[Data items]
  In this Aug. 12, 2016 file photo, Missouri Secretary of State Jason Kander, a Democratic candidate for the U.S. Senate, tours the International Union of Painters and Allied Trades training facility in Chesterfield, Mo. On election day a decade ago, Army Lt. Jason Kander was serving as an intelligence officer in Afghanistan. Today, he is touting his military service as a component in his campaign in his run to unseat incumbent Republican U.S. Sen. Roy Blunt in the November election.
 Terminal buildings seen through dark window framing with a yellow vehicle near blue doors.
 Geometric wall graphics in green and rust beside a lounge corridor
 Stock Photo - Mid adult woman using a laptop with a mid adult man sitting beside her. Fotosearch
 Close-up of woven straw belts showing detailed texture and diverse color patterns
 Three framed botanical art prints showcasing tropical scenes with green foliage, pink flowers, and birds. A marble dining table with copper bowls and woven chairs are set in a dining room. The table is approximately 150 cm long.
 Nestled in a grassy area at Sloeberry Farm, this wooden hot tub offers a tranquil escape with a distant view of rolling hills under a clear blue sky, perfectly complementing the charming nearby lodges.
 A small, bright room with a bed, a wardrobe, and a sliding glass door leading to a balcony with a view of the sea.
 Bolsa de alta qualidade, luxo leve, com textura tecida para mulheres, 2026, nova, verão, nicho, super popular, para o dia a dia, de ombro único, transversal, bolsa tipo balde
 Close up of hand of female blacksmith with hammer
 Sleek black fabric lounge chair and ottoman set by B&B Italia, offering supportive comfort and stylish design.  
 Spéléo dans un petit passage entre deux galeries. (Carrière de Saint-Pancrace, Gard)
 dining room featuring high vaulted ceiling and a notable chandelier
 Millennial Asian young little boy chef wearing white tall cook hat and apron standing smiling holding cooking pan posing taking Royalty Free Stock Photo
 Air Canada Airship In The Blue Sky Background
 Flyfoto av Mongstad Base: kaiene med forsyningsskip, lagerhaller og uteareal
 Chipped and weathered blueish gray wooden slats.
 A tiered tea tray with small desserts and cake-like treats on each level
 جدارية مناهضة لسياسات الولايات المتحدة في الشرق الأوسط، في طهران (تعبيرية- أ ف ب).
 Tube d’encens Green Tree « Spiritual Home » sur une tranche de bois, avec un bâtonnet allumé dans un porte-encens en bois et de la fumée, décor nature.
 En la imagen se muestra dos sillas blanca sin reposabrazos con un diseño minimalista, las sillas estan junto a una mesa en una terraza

▶ EXERCISE GOAL:
Pull every line with the word "Close" from the data.

▶ EXERCISE SOLUTION:
 Close-up of woven straw belts showing detailed texture and diverse color patterns
 Close up of hand of female blacksmith with hammer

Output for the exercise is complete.